[[ Exercise materials, beginning ]]

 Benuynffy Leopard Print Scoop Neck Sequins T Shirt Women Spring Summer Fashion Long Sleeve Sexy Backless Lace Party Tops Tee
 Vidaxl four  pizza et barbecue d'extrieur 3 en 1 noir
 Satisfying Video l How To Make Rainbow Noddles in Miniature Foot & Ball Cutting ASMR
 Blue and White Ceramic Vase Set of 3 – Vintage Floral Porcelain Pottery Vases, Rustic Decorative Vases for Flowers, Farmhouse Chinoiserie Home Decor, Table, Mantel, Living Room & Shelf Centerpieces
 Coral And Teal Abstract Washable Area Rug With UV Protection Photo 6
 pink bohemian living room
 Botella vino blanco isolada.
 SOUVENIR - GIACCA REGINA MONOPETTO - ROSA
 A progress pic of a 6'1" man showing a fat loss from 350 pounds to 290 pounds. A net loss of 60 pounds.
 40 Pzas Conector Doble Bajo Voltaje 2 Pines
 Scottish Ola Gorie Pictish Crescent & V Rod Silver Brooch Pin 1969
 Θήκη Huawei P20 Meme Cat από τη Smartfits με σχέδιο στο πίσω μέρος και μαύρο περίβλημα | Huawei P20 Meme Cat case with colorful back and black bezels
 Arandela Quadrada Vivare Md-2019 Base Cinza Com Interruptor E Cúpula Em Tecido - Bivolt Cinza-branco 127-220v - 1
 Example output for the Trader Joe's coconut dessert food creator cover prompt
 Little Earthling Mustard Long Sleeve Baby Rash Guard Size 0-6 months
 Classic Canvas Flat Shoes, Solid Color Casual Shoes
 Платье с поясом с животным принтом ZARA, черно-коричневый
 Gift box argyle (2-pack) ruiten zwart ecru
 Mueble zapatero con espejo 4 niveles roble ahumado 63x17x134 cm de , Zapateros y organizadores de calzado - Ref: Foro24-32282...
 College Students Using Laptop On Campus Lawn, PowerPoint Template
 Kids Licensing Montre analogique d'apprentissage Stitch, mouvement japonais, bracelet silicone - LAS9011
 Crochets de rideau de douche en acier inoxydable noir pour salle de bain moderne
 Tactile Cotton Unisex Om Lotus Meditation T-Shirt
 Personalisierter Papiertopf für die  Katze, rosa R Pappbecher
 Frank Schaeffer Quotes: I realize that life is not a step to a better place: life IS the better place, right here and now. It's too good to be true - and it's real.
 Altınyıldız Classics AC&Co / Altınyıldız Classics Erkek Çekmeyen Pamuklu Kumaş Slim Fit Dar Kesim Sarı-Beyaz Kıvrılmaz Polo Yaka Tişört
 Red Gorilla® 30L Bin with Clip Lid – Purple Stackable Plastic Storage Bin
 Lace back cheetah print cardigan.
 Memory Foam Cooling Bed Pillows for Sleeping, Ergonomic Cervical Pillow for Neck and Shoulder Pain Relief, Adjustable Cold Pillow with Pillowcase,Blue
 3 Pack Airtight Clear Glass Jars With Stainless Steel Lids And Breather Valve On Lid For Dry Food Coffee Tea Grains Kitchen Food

[[ Exercise materials, end ]]

#### Your objective:
The string "Long" appears in how many lines above? Answer with the number only.

#### Response area:
2